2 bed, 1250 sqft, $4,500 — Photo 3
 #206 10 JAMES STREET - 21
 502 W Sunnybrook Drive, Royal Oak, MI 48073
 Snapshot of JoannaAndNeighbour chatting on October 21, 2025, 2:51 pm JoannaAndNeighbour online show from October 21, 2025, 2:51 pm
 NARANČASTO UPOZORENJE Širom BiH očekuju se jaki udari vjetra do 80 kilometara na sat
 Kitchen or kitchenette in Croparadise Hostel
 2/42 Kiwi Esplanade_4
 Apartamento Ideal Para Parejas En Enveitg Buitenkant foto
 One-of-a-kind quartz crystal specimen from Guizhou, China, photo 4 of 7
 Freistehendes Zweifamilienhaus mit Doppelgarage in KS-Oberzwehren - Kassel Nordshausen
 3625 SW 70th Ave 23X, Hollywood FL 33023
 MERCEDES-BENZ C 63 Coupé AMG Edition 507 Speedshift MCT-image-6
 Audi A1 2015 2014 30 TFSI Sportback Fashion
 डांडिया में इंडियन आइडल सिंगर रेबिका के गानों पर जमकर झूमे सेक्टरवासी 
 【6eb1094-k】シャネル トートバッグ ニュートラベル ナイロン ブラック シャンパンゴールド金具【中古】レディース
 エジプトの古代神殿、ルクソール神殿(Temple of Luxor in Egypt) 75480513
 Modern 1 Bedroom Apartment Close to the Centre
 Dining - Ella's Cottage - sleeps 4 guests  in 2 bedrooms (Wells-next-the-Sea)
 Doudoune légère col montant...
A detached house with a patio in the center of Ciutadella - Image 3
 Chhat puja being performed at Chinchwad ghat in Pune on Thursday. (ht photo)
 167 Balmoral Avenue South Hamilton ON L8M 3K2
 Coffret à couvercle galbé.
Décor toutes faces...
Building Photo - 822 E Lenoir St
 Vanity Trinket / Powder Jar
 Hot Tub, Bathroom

-------------------------

While keeping every line the same, please copy out all the records.

The answer:
2 bed, 1250 sqft, $4,500 — Photo 3
 #206 10 JAMES STREET - 21
 502 W Sunnybrook Drive, Royal Oak, MI 48073
 Snapshot of JoannaAndNeighbour chatting on October 21, 2025, 2:51 pm JoannaAndNeighbour online show from October 21, 2025, 2:51 pm
 NARANČASTO UPOZORENJE Širom BiH očekuju se jaki udari vjetra do 80 kilometara na sat
 Kitchen or kitchenette in Croparadise Hostel
 2/42 Kiwi Esplanade_4
 Apartamento Ideal Para Parejas En Enveitg Buitenkant foto
 One-of-a-kind quartz crystal specimen from Guizhou, China, photo 4 of 7
 Freistehendes Zweifamilienhaus mit Doppelgarage in KS-Oberzwehren - Kassel Nordshausen
 3625 SW 70th Ave 23X, Hollywood FL 33023
 MERCEDES-BENZ C 63 Coupé AMG Edition 507 Speedshift MCT-image-6
 Audi A1 2015 2014 30 TFSI Sportback Fashion
 डांडिया में इंडियन आइडल सिंगर रेबिका के गानों पर जमकर झूमे सेक्टरवासी 
 【6eb1094-k】シャネル トートバッグ ニュートラベル ナイロン ブラック シャンパンゴールド金具【中古】レディース
 エジプトの古代神殿、ルクソール神殿(Temple of Luxor in Egypt) 75480513
 Modern 1 Bedroom Apartment Close to the Centre
 Dining - Ella's Cottage - sleeps 4 guests  in 2 bedrooms (Wells-next-the-Sea)
 Doudoune légère col montant...
A detached house with a patio in the center of Ciutadella - Image 3
 Chhat puja being performed at Chinchwad ghat in Pune on Thursday. (ht photo)
 167 Balmoral Avenue South Hamilton ON L8M 3K2
 Coffret à couvercle galbé.
Décor toutes faces...
Building Photo - 822 E Lenoir St
 Vanity Trinket / Powder Jar
 Hot Tub, Bathroom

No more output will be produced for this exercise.